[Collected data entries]
■ ■ ■ ■

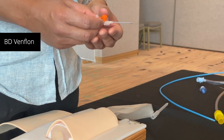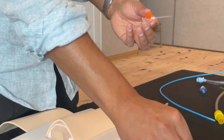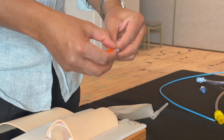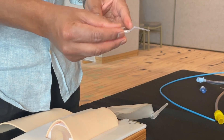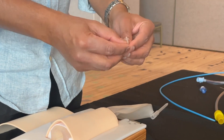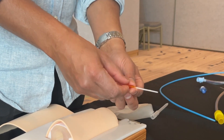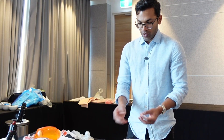This cannula is a BD Venflon. To show you the mechanics: if I kink this cannula, it seems to stay obstructed, as you can see. Whereas the BD inside cannula doesn't have that problem — it springs back to normal and stays patent. Again, really useful when you're doing surgical airways.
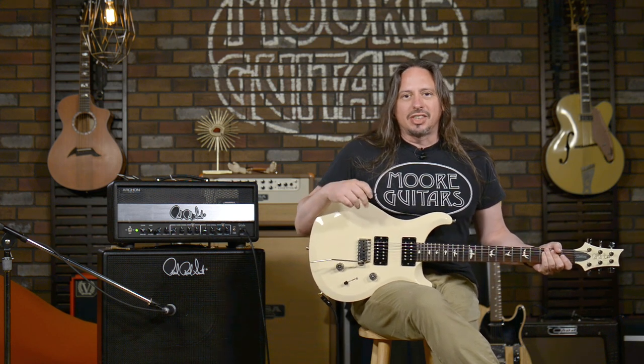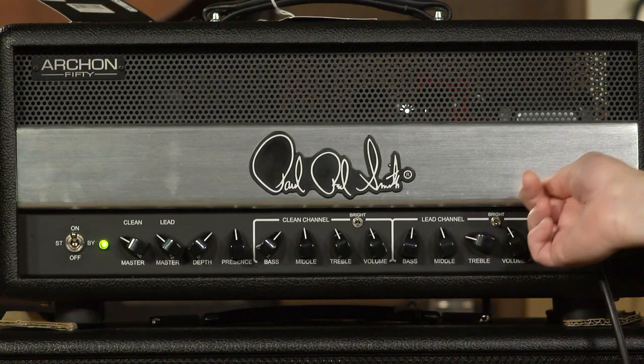It's a two-channel amplifier. You heard me jamming on the clean channel, but no one that's looking for an Archon is really looking for the clean channel. This is what they want to hear.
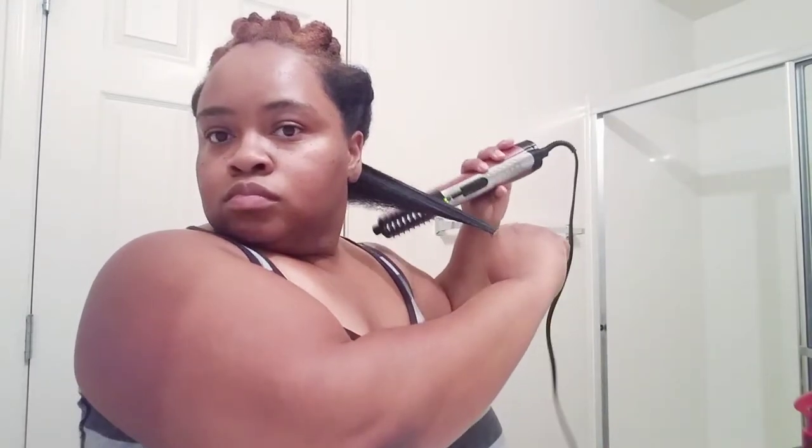Now y'all, this took way longer than what I wanted it to take. So my advice: if you are going to use this tool and you have a blow dryer with a comb attachment, just go ahead and brush the comb attachment through your hair versus doing what I'm doing here. That will save you a whole lot of time, because this took way way longer than what I thought it would.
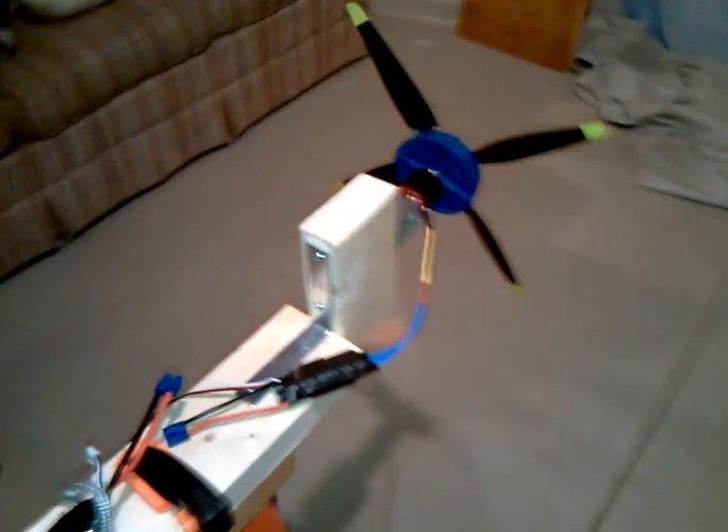Hey guys, I made a jig here that I can hook up my motors and test them out for bench testing. Here I got the Airfield P51 motor and prop hooked up here.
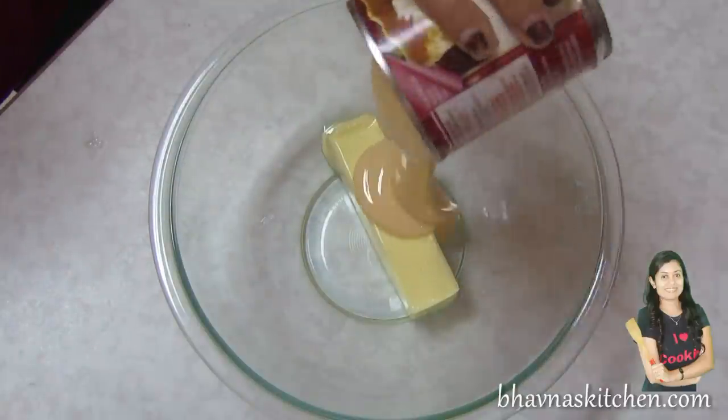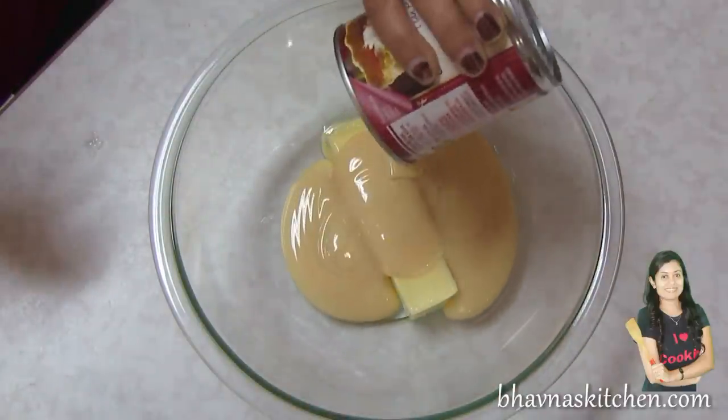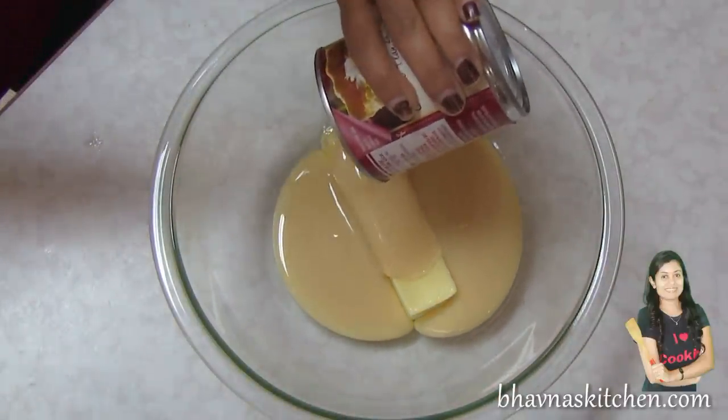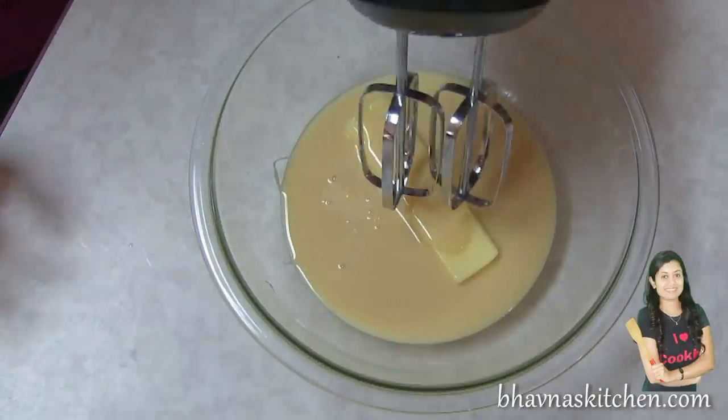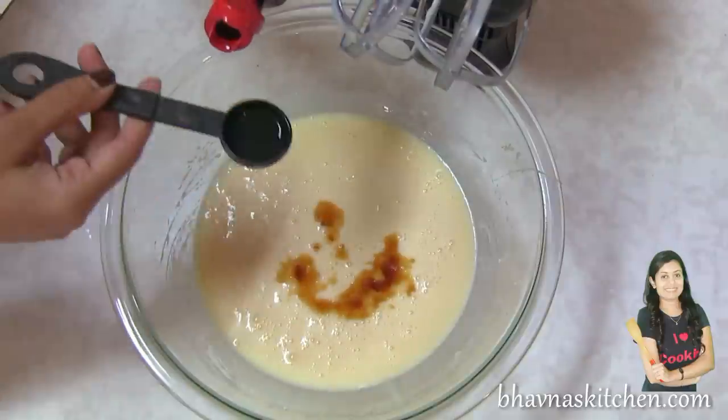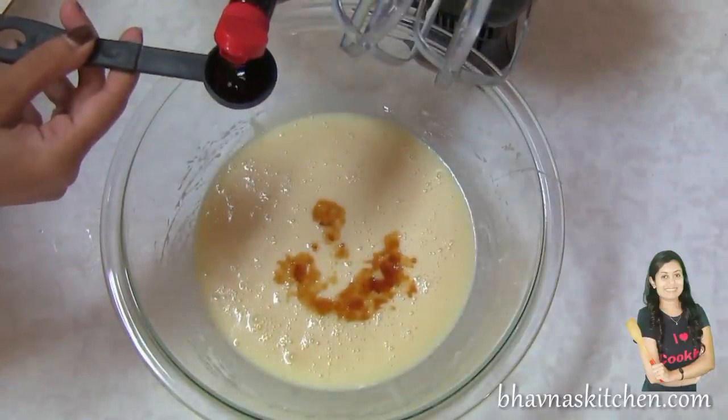So first I'm going to prepare egg-free cake batter. First I'm going to work on wet ingredients. In a large mixing bowl combine softened room temperature butter and condensed milk together. Beat until nice and smooth, then add 2 teaspoons of vanilla extract.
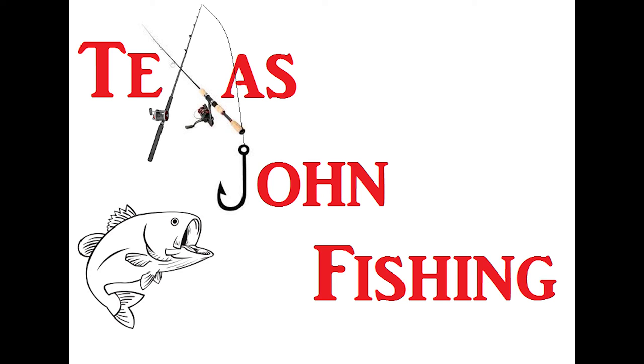Hi everybody, John here. I hope you enjoyed part one of the $50 Bass Pro Shop Challenge that focused on the smallmouth baits and lures. This one focuses specifically on largemouth baits and lures. Here in California we have a great diversity of lakes that affords us the opportunity to fish for smallmouth, largemouth, and spotted bass, depending on the lake. Stay tuned, hope you enjoy — hit that like and subscribe button.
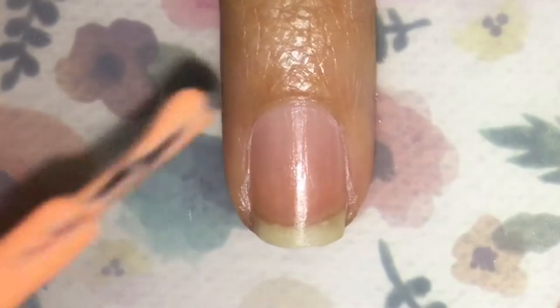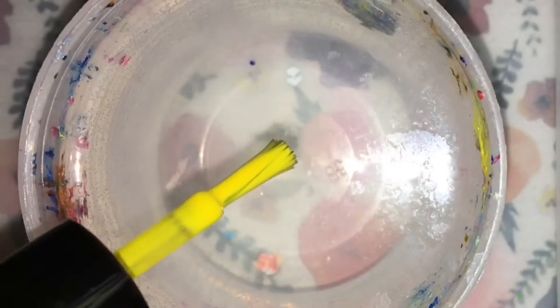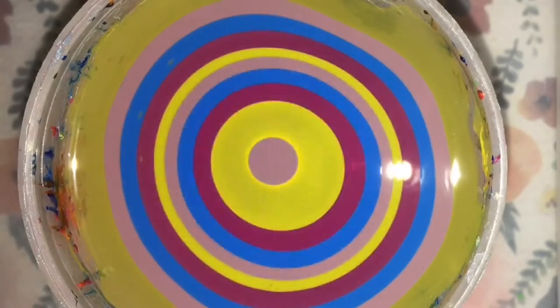Now we're going to use some latex. This is Boy Cosmetics Nail Art Tape — just put it all around your finger to protect the cleanup. Now drop your polishes in a cup of room temperature water, one by one, until you build a nice bullseye.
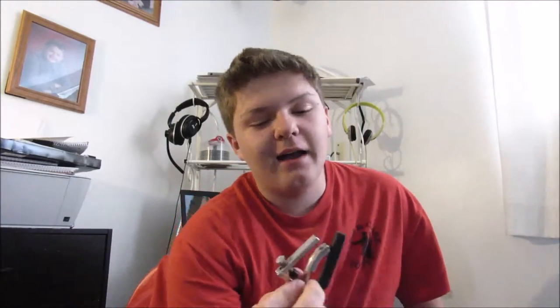Before we start, if you don't have a capo I highly recommend you get one. You can get it at your local music store or whatever, but they are fantastic.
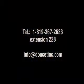Do not hesitate to contact our service department with your questions and comments. We'll see you next time.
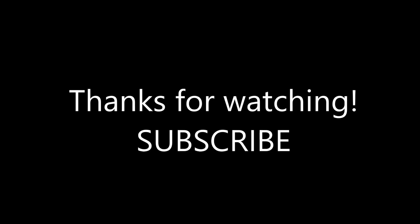Thanks for watching my videos. If you have any questions, I'm happy to answer them, so ask away. Thanks for watching again. Please subscribe. Bye.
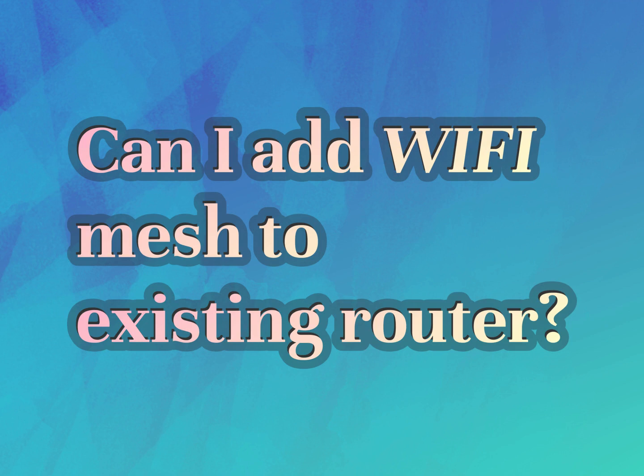Can I add Wi-Fi mesh to existing router? Our goal is your satisfaction. Let us show you the way.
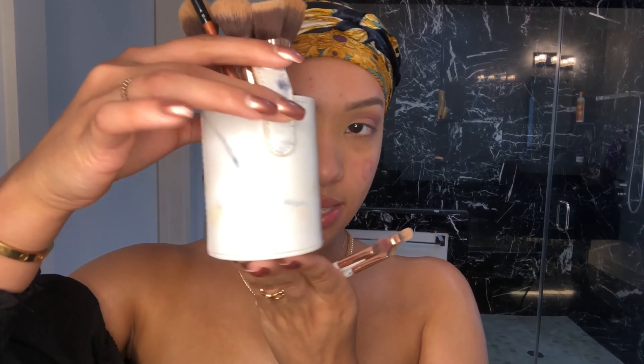Now we're going to go in with the concealer. These brushes — actually this was a mistake, I was supposed to buy more brushes and they came in this packaging which I thought was so cute, and they're actually small brushes. I was disappointed at first, but now that I'm using them I'm like, this was actually what I needed because this really helps out for hooded eyes to just be more precise with what you're doing.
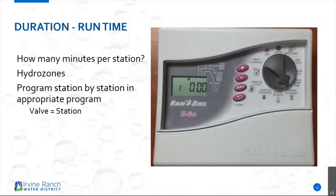Duration is also important — duration is basically your run times. How long do I need to water? You can always refer to your schedule for those watering durations.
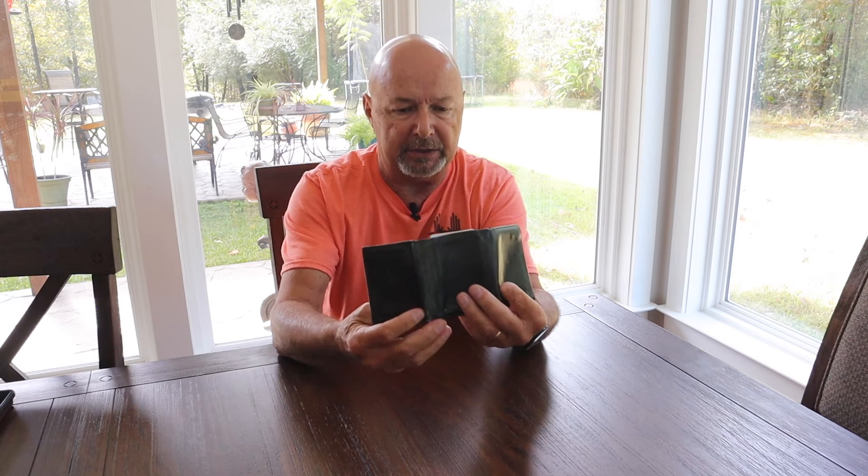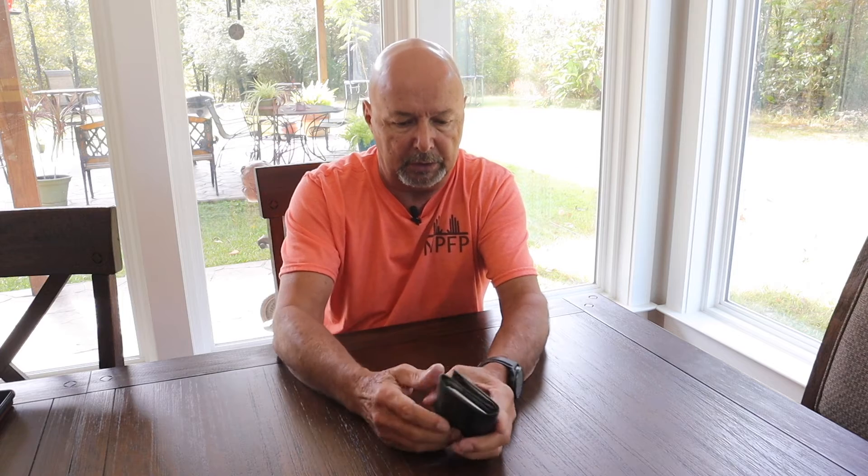For most of my life, I carried a wallet like this in my right hip pocket. It would carry cash if I had any, several junk cards, driver's license, and things like that. It hurt your hip if you sit on it very long. Mine got to be pretty thick with junk.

■ ■ ■ ■

## What is expected
Repeat exactly the lines above, from the line that contains "Now y'all, this" down through the line that contains "So first I'm". Include both of those lines and none of the pictures.

## Written response
Now y'all, this took way longer than what I wanted it to take. So my advice: if you are going to use this tool and you have a blow dryer with a comb attachment, just go ahead and brush the comb attachment through your hair versus doing what I'm doing here. That will save you a whole lot of time, because this took way way longer than what I thought it would.
Hey guys, I made a jig here that I can hook up my motors and test them out for bench testing. Here I got the Airfield P51 motor and prop hooked up here.
So first I'm going to prepare egg-free cake batter. First I'm going to work on wet ingredients. In a large mixing bowl combine softened room temperature butter and condensed milk together. Beat until nice and smooth, then add 2 teaspoons of vanilla extract.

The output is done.